A segunda interrogação prende-se com as políticas de promoção do emprego. Que poderemos fazer para melhorar a eficiência e a equidade dos sistemas de emprego, tantas vezes discriminatórios, quando não mesmo segregacionistas, para os que partem de posições socialmente desfavorecidas? Na situação actual, como poderemos reduzir a segmentação dos mercados de trabalho e promover flexibilidades não precarizantes?
A terceira interpelação refere-se à capacidade de orientar e de regular a mudança. De que alternativas dispomos para assegurar que, numa União Europeia monetariamente unificada, os diferentes mercados de trabalho, com as características que os individualizam, conseguem responder às alterações conjunturais e estruturais em curso, sem darem lugar a crises sociais graves dentro de cada Estado e a crises políticas relevantes entre Estados membros? Quem pode e quem deve fazer o quê para criar um conjunto de instrumentos de solidariedade económica e social que garanta a coesão europeia?
A quarta questão que gostaria de suscitar é a da europeização dos diferentes sistemas de relações industriais que coexistem no interior da União e da “zona euro”. Que possibilidades de coordenação ou de convergência entre os diferentes sistemas existem desde já? Que balanço fazem, quer os especialistas, quer os parceiros sociais das evoluções possíveis e desejáveis no curto e no médio prazo? Que requisitos pressupõem cada uma das alternativas em presença? E que instrumentos são utilizáveis?
Minhas Senhoras e Meus Senhores,
Estou convicto que muito do nosso futuro como cidadãos europeus depende das respostas que formos capazes de construir para enfrentar esse duplo desafio permanente das sociedades avançadas que consiste em, por um lado, assegurar o desenvolvimento económico que o mercado permite, e, por outro lado, limitar as desigualdades que ele engendra e potencia.
Temos pela frente desafios novos que, todos o sabemos, não poderão ser ganhos com estratégias cujos resultados ficaram aquém do que prometiam.
Julgo que todos reconheceremos que estamos obrigados a procurar soluções inovadoras para enfrentar as causas contemporâneas da iniquidade, que instala a descrença e corrói a coesão social.
É, uma tarefa difícil, que exige a cooperação das nossas melhores inteligências, de todo o saber a que pudermos aceder, de toda a determinação de que formos capazes.

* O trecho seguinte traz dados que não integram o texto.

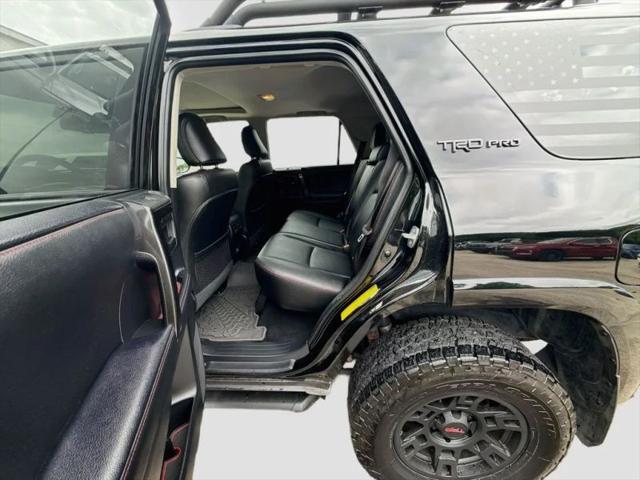 2024 Toyota 4Runner TRD Pro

Espero e desejo que esta Conferência permita dar um passo mais na direcção dum debate cada vez mais atento às inovações, plural, crítico, fundamentado, que envolva a comunidade científica, os agentes económicos e sociais e, evidentemente, os que têm especiais responsabilidades na condução das políticas públicas.
Devo, por isso, um agradecimento sincero a todos os que nela quiseram participar e, em particular, aos que, apesar dos compromissos decorrentes das suas responsabilidades científicas e académicas, profissionais ou políticas, se dispuseram a sacrificar algum do seu tempo para aqui virem dar conta dos resultados do seu trabalho, manifestando o desejo duma estadia agradável e proveitosa para os que se deslocaram propositadamente a Lisboa.